* Description of the task:
Exactly reproduce the lines beginning with the line that includes "Swoop Heart Earrings" and ending with the last line of the data.

* Data in this exercise:
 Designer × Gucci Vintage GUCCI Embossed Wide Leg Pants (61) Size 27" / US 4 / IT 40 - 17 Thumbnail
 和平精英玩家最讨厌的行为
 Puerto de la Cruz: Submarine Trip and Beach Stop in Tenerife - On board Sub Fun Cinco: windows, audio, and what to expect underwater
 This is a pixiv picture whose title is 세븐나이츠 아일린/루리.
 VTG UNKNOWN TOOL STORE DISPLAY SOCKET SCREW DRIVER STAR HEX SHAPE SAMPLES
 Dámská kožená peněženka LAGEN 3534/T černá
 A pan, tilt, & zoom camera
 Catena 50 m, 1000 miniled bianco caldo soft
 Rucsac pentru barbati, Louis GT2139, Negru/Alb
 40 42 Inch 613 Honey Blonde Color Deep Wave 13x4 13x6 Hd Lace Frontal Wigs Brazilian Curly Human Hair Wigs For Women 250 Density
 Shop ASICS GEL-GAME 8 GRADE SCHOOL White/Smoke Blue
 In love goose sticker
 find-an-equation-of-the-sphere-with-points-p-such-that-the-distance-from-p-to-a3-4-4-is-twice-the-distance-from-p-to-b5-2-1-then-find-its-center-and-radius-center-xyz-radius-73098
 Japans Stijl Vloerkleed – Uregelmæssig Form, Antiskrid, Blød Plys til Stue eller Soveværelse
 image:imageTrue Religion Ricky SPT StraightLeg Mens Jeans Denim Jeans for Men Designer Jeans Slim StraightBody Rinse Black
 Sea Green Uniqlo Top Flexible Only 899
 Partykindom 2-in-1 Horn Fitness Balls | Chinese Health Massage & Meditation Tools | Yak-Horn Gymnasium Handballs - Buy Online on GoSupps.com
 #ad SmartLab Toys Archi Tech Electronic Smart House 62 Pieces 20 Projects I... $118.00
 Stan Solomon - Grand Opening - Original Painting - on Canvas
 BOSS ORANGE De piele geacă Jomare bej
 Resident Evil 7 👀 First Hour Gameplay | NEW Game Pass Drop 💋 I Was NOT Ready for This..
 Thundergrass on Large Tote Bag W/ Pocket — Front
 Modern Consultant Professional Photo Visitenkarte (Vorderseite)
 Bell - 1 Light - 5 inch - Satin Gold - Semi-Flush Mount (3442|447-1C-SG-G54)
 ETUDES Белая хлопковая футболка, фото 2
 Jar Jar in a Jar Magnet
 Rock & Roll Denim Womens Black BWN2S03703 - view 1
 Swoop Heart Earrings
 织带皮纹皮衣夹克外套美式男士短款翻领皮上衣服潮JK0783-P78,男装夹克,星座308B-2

* Task output:
 Swoop Heart Earrings
 织带皮纹皮衣夹克外套美式男士短款翻领皮上衣服潮JK0783-P78,男装夹克,星座308B-2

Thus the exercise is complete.